N. 4 Les débats parlementaires se sont déroulés, pour l'essentiel, sans controverses de fond sur l'art. 15 Cst. La Conférence de conciliation a confirmé la version du Conseil fédéral lors du vote final du 18 décembre 1998. La nouvelle Constitution fédérale est entrée en vigueur le 1er janvier 2000. La liberté du culte, expressément réglementée à l'art. 50 al. 1 aCst., ne fait plus l'objet d'une mention distincte à l'art. 15 Cst. ; le Tribunal fédéral a cependant précisé que sa protection constitutionnelle n'en a pas été réduite pour autant sur le fond (ATF 129 I 74 consid. 4.1).
#2. Systématique
N. 5 L'art. 15 Cst. se situe dans le deuxième chapitre (droits fondamentaux, art. 7–36 Cst.) et appartient au groupe des libertés personnelles. Il est systématiquement apparenté à la liberté d'opinion (→ art. 16 Cst.), à la liberté d'information et à la liberté d'association (→ art. 23 Cst.). La liberté religieuse constitue une lex specialis par rapport à la liberté d'opinion générale dans la mesure où des convictions religieuses ou philosophiques sont en cause ; les deux garanties peuvent toutefois aussi s'appliquer en parallèle. Il entretient un rapport subsidiaire de clause générale avec la liberté personnelle générale (→ art. 10 al. 2 Cst.).

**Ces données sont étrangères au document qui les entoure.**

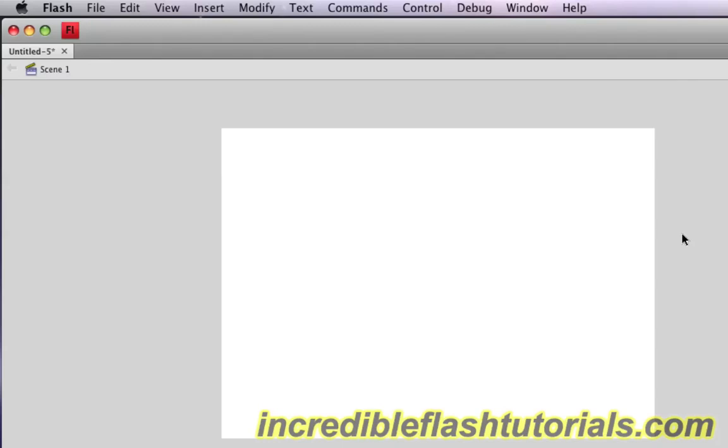Hey guys, Chad Trofgerben here from IncredibleFlashTutorials.com. Today I'm going to demonstrate the Motion Presets feature in Adobe Flash CS4. The Motion Presets feature is pretty cool. It features a bunch of preset animations that you can apply to anything that you draw in Flash.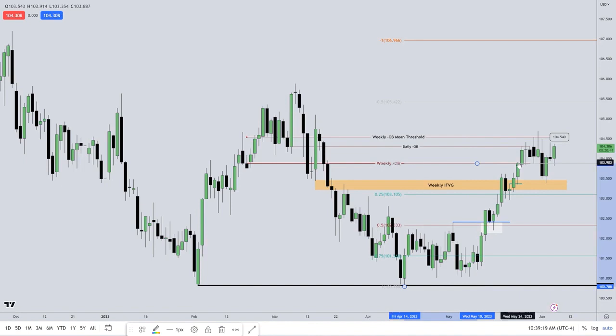So before the candlesticks even form, before they even form, folks, you could have this in your chart like this.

N. 6 L'interdiction de la discrimination (→ art. 8 al. 2 Cst.), qui mentionne la conviction religieuse comme critère de distinction prohibé, est en étroite interaction avec l'art. 15 Cst. (↔ art. 8 al. 2 Cst.). Le Tribunal fédéral a retenu qu'en cas de discrimination à caractère religieux, l'art. 8 al. 2 Cst. offre une protection plus étendue et que l'art. 15 Cst. n'y ajoute pas de contenu autonome (ATF 132 I 167 consid. 3). Les conditions de restriction relèvent exclusivement de l'→ art. 36 Cst. ; le contenu essentiel au sens de l'art. 36 al. 4 Cst. est intangible.
N. 7 L'art. 15 Cst. contient une garantie de droit défensif subjectif directement applicable. Elle s'adresse en premier lieu aux atteintes de l'État (dimension défensive), mais comprend selon l'opinion dominante également une obligation de l'État de protéger la paix religieuse (ATF 142 I 49 consid. 3.2). Dans le domaine scolaire, elle fonde également un droit à un enseignement confessionnellement neutre (→ art. 62 Cst.). Le rapport entre l'Église et l'État est de la compétence des cantons (→ art. 72 Cst.).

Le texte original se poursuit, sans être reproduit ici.